El poder deshumaniza
Da lástima ver marchitarse de ese modo al príncipe Carlos al tiempo que la reina madre aparece más lozana que nunca
No hay más que observar el rostro del señor de la izquierda, hijo de la señora de la derecha, para advertir que lo está pasando mal, muy mal. Perdió sus mejores años en fantasías locas, como la de convertirse en el támpax de su novia de entonces, Camilla Parker Bowles, y ahora se ve sin oficio ni beneficio, dependiendo de los cambios de humor de mamá, que le escatima honores y actos oficiales, y que le tiene dicho que tendrá que pasar por encima de su cadáver para acceder al trono. Produce desasosiego su gesto de derrota, su postura de desaliento, con esa mano apoyada en la empuñadura de un sable absurdo, que sostiene sin pasión, como si hubiera dejado de ser el símbolo que en otro tiempo representaba su capacidad viril. Da la impresión de que, más que llevar las medallas y las condecoraciones que alicatan su pecho, son ellas las que le llevan a él.
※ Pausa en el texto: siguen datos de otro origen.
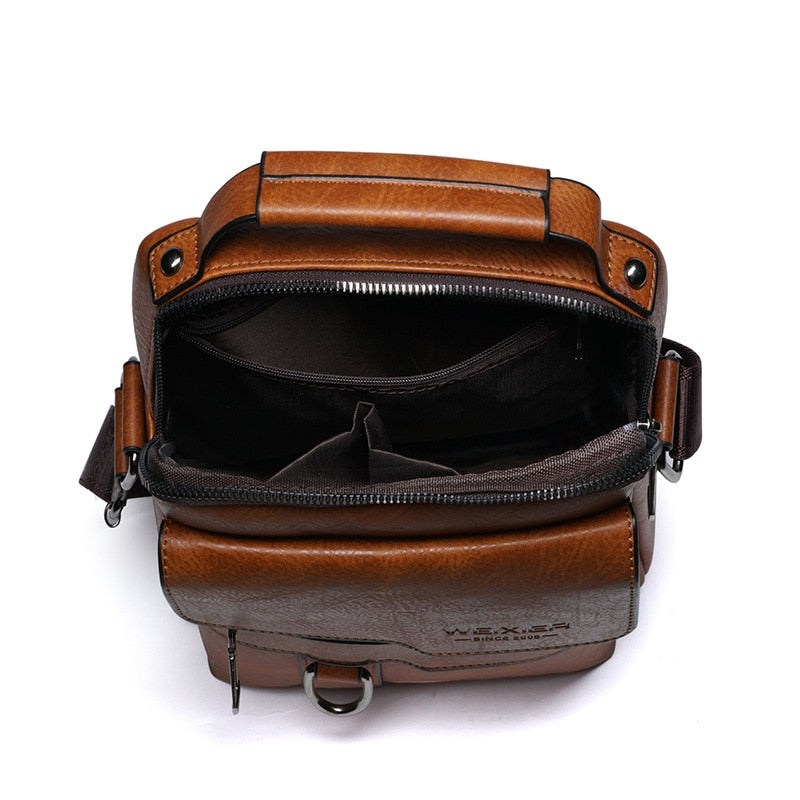 Men Shoulder Bag - Vedazzling Accessories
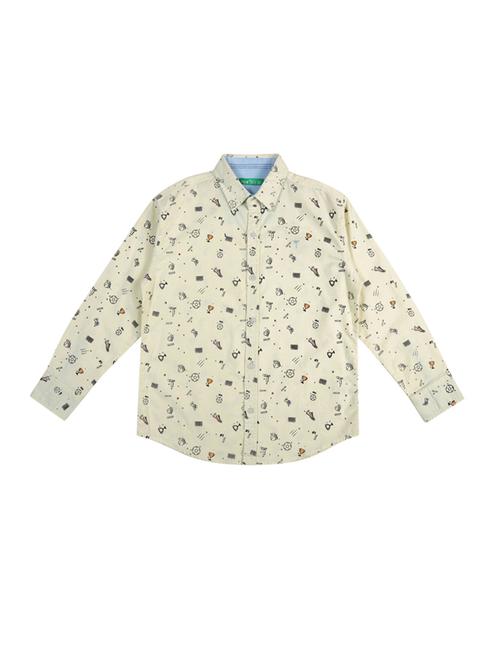 yellow printed shirt - 17887828 - Very Small Image - 1
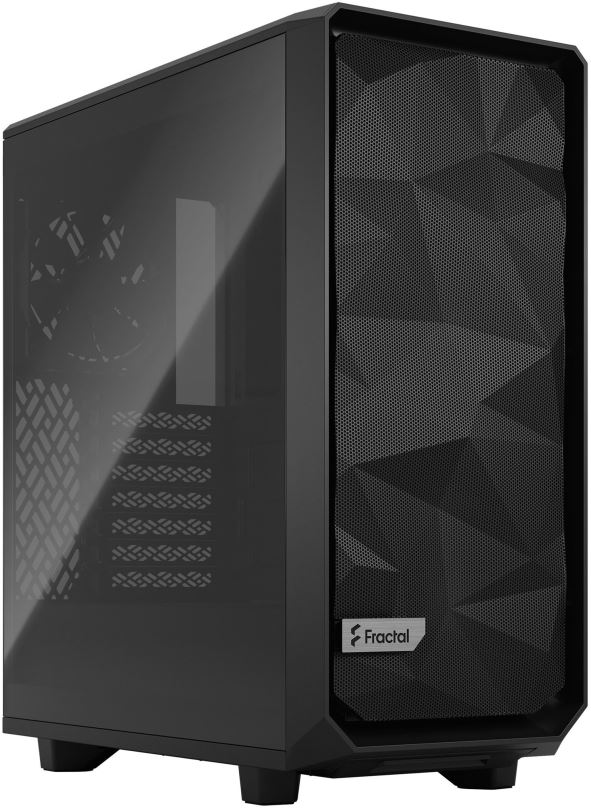 Počítačová skříň Fractal Design Meshify 2 Compact Black TG Light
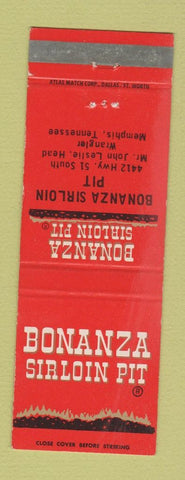 Matchbook Cover - Bonanza Sirloin Pit Memphis TN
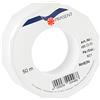 Präsent Rhein - Cordoncino in raso, 3 mm, 50 m, colore: Bianco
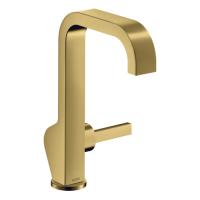 Смеситель Axor Citterio для раковины 190, на 1 отв., высокий, цвет: полированное золото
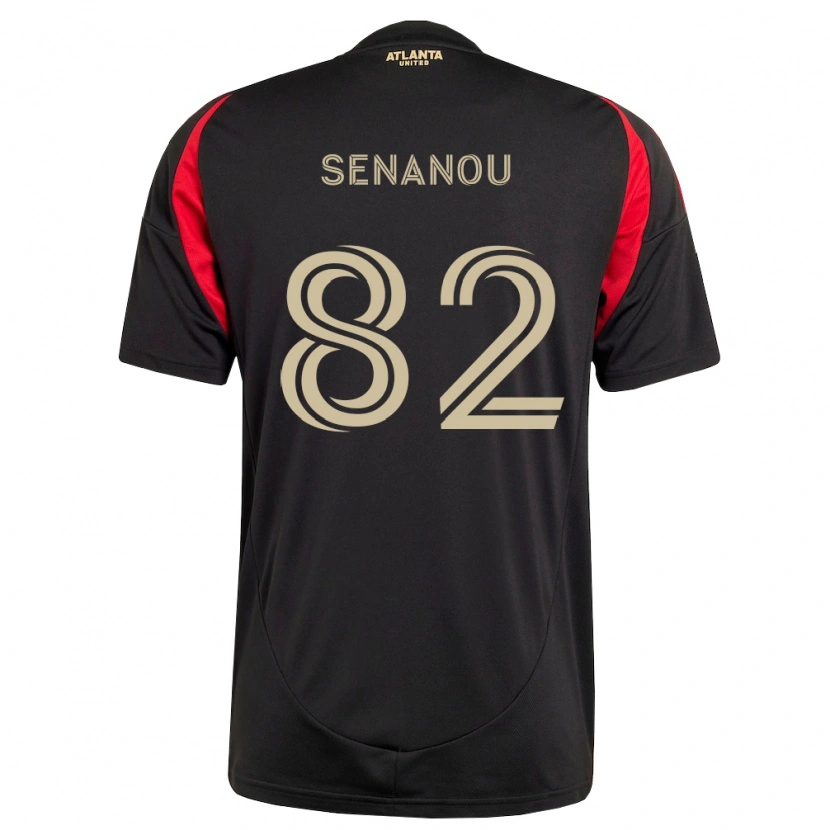 Danxen Kinder Matthew Senanou #82 Schwarz Rot Heimtrikot Trikot 2026/27 T-Shirt Schweiz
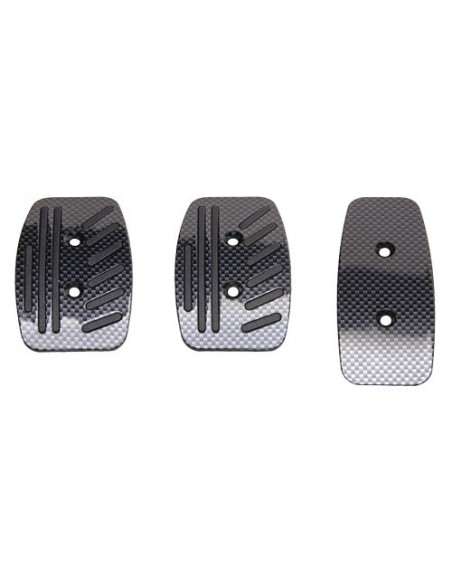 PEDALIERA IN ALLUMINIO CARBON LOOK PER CAMBIO MANUALE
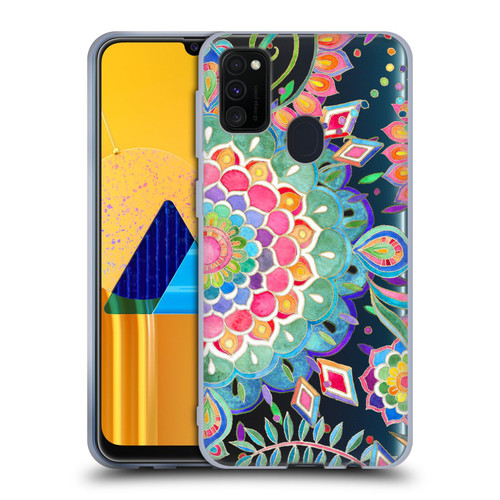 Micklyn Le Feuvre Mandala 5 Colour Celebration Soft Gel Case for Samsung Galaxy M30s (2019)/M21 (2020)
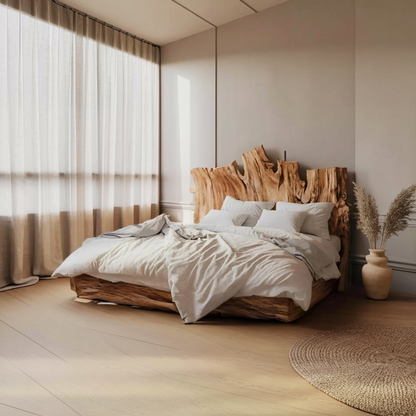 Rustic Live Edge Headboard For King Or Queen Bed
Hasta el uniforme parece venirle un poco grande, como si hubiera ido decreciendo dentro de él, dentro de ese abismo por el que en cualquier momento podría colársele la cabeza. Un ni-ni desesperado, en fin, un chico que ni estudia ni trabaja. Da lástima verle marchitarse de ese modo al tiempo que la reina madre aparece más lozana que nunca. El peso de la corona, lejos de abatirla, le da alas, la eleva, como uno de esos refrescos mineralizantes que se toman al salir de la sauna, o después de un esfuerzo físico notable, o en el trascurso de una diarrea. ¿No se da cuenta la anciana rejuvenecida de que su vástago, el joven anciano de la foto, necesita un poco de esa pócima? ¿Hasta dónde nos deshumaniza el poder?